A second-order autoregressive model for annul average mortgage rate is:

Rate i = 0.5 + 1.0(Rate) i-1 - 0.5 (Rate) i-2

If the average mortgage rate in 2015 was 2.0, and in 2014 was 4.0, the forecast for 2017 is

To forecast the average mortgage rate in 2017 using the given second-order autoregressive model, we need to substitute the values for 2015 and 2014 into the equation:

Rate(2015) = 2.0
Rate(2014) = 4.0

Using the equation:

Rate(2017) = 0.5 + 1.0 * Rate(2015) - 0.5 * Rate(2014)

Substituting the values:

Rate(2017) = 0.5 + 1.0 * 2.0 - 0.5 * 4.0

Rate(2017) = 0.5 + 2.0 - 2.0

Rate(2017) = 0.5

Therefore, the forecast for the average mortgage rate in 2017 is 0.5.
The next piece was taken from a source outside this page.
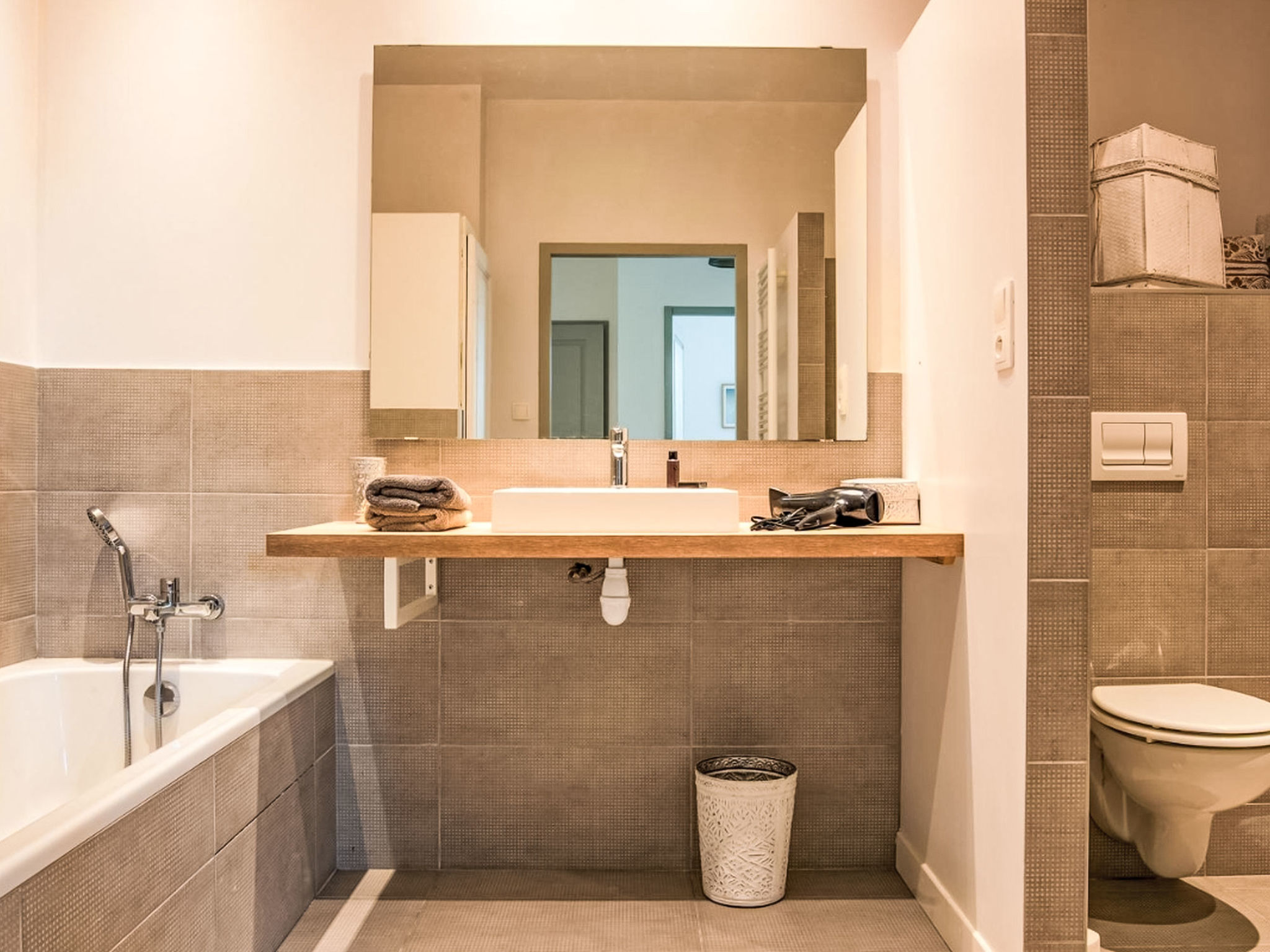 Villa Les Maisons Monplaisir – Salle de bains, photo 95 sur 116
To forecast the average mortgage rate in 2017 using the given second-order autoregressive model, we need to substitute the previous two rates into the equation.

Given:
Rate in 2015 = 2.0
Rate in 2014 = 4.0

Let's calculate the forecast for 2017 step by step:

Step 1: Substitute the known values into the equation:

Rate 2015 = 2.0
Rate 2014 = 4.0
Rate 2016 = 0.5 + 1.0(2.0) - 0.5(4.0)

Step 2: Calculate the forecast for 2017 using the equation:

Rate 2017 = 0.5 + 1.0(Rate 2016) - 0.5(Rate 2015)

Let's substitute the calculated value of Rate 2016 into the forecast equation:

Rate 2017 = 0.5 + 1.0(0.5 + 1.0(2.0) - 0.5(4.0)) - 0.5(2.0)

Step 3: Simplify the equation:

Rate 2017 = 0.5 + 0.5 + 2.0 - 1.0 - 1.0 + 1.0

Step 4: Calculate the result:

Rate 2017 = 2.0

Therefore, the forecasted average mortgage rate for 2017 using the given second-order autoregressive model is 2.0.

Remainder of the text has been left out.